If a dm device is being opened in parallel while we're
trying to remove it, we'll end up with an error that
the device is busy. This is a legitimate error, but
with udev in play and asynchronous events generated
as a result of using the WATCH udev rule, we can get
into a situation where such failure is very unpleasant.

Let's try the removal a few times then. Though this is
not a complete solution to the problem, let's use this
until we have one.

Peter
---
 libdm/ioctl/libdm-iface.c |   15 +++++++++++++++
 1 files changed, 15 insertions(+), 0 deletions(-)

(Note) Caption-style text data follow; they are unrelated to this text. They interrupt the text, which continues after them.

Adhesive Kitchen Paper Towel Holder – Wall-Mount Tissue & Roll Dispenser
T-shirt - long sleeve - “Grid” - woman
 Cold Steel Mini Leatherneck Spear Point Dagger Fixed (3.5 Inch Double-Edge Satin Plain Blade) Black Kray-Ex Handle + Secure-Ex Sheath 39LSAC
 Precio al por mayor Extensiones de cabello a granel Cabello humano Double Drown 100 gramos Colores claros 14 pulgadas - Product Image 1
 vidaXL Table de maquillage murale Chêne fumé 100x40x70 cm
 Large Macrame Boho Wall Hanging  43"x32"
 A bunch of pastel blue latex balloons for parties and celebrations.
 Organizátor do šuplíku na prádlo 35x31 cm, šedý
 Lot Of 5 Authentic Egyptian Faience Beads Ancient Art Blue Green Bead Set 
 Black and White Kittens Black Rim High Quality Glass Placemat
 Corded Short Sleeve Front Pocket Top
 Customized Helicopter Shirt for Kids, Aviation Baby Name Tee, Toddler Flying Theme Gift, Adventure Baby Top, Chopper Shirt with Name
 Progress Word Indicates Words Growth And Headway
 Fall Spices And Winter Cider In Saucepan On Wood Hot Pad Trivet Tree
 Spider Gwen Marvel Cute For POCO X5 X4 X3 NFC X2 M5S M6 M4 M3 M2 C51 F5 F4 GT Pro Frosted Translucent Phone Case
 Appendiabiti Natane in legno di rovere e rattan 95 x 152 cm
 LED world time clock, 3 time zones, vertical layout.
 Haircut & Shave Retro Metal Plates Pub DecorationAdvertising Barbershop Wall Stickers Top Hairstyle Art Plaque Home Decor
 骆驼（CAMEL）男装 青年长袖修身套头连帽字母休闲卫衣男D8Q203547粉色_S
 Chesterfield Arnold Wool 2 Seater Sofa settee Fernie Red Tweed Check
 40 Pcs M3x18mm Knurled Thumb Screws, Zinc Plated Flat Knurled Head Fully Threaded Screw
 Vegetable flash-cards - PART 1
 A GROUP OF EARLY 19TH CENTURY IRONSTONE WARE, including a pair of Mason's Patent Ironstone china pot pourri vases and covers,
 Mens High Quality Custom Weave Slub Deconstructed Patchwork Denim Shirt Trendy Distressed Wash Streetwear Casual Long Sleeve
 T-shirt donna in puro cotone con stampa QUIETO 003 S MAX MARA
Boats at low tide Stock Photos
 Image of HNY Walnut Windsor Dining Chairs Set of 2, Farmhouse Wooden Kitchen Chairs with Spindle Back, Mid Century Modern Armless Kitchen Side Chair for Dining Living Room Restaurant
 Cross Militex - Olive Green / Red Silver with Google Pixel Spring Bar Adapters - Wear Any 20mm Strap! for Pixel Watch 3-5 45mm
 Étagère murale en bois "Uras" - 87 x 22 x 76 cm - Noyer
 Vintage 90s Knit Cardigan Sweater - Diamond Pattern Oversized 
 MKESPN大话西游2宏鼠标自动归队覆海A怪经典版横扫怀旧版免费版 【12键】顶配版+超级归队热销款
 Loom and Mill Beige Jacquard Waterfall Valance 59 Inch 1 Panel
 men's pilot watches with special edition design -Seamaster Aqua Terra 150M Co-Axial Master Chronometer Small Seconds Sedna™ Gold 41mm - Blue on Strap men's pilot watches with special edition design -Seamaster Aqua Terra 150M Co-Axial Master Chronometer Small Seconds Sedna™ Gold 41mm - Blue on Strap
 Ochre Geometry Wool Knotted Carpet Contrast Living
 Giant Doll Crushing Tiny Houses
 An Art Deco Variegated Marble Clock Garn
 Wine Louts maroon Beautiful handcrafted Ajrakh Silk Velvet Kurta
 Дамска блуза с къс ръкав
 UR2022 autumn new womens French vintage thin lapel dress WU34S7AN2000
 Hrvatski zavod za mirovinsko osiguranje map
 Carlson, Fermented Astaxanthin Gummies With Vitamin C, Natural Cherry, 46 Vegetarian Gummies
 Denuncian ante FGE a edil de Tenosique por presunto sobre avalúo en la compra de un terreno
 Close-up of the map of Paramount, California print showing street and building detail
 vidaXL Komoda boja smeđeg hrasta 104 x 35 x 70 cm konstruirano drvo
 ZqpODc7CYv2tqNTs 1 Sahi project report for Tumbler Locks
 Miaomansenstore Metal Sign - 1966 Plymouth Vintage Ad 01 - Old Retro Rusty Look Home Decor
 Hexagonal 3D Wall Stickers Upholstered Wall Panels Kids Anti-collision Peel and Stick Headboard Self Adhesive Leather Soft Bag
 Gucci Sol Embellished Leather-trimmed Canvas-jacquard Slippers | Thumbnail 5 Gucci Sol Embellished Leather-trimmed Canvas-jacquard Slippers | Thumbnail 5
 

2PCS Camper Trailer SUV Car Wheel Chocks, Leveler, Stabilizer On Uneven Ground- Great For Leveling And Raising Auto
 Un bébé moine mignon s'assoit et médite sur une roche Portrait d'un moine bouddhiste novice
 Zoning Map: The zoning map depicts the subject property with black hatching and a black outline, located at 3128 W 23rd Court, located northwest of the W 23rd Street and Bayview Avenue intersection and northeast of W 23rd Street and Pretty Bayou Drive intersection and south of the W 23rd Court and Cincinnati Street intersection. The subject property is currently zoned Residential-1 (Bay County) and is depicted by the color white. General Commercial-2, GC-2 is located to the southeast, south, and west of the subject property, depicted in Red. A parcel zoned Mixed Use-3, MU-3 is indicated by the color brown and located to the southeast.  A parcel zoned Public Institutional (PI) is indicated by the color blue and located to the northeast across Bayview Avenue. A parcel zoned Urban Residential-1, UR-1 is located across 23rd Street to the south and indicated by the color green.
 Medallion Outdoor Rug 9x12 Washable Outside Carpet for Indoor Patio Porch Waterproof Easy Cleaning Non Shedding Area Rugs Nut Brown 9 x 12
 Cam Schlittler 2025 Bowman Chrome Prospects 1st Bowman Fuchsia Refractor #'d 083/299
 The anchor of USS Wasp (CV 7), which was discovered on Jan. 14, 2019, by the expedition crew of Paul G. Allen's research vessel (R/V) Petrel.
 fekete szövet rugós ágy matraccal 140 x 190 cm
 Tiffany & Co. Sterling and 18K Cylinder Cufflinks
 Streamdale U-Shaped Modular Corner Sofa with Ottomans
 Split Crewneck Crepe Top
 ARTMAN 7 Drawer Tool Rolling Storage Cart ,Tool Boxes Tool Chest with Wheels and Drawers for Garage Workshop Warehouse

diff --git a/libdm/ioctl/libdm-iface.c b/libdm/ioctl/libdm-iface.c
index 816f1e6..e4a3a1f 100644
--- a/libdm/ioctl/libdm-iface.c
+++ b/libdm/ioctl/libdm-iface.c
@@ -1539,11 +1539,14 @@ static const char *_sanitise_message(char *message)
 	return sanitised_message;
 }
 
+#define DM_REMOVE_IOCTL_RETRIES 5
+
 static struct dm_ioctl *_do_dm_ioctl(struct dm_task *dmt, unsigned command,
 				     unsigned repeat_count)
 {
 	struct dm_ioctl *dmi;
 	int ioctl_with_uevent;
+	int retries = DM_REMOVE_IOCTL_RETRIES;
 
 	dmi = _flatten(dmt, repeat_count);
 	if (!dmi) {
@@ -1627,11 +1630,23 @@ static struct dm_ioctl *_do_dm_ioctl(struct dm_task *dmt, unsigned command,
 		  dmt->sector, _sanitise_message(dmt->message),
 		  dmi->data_size);
 #ifdef DM_IOCTLS
+repeat_dm_ioctl:
 	if (ioctl(_control_fd, command, dmi) < 0) {
 		if (errno == ENXIO && ((dmt->type == DM_DEVICE_INFO) ||
 				       (dmt->type == DM_DEVICE_MKNODES) ||
 				       (dmt->type == DM_DEVICE_STATUS)))
 			dmi->flags &= ~DM_EXISTS_FLAG;	/* FIXME */
+		/*
+		 * FIXME: This is a workaround for asynchronous events generated
+		 *        as a result of using the WATCH udev rule with which we
+		 *        have no way of synchronizing. Processing such events in
+		 *        parallel causes devices to be open.
+		 */
+		else if (errno == EBUSY && (dmt->type == DM_DEVICE_REMOVE) && retries--) {
+			log_debug("device-mapper: device is busy, retrying removal");
+			sleep(1);
+			goto repeat_dm_ioctl;
+		}
 		else {
 			if (_log_suppress)
 				log_verbose("device-mapper: %s ioctl "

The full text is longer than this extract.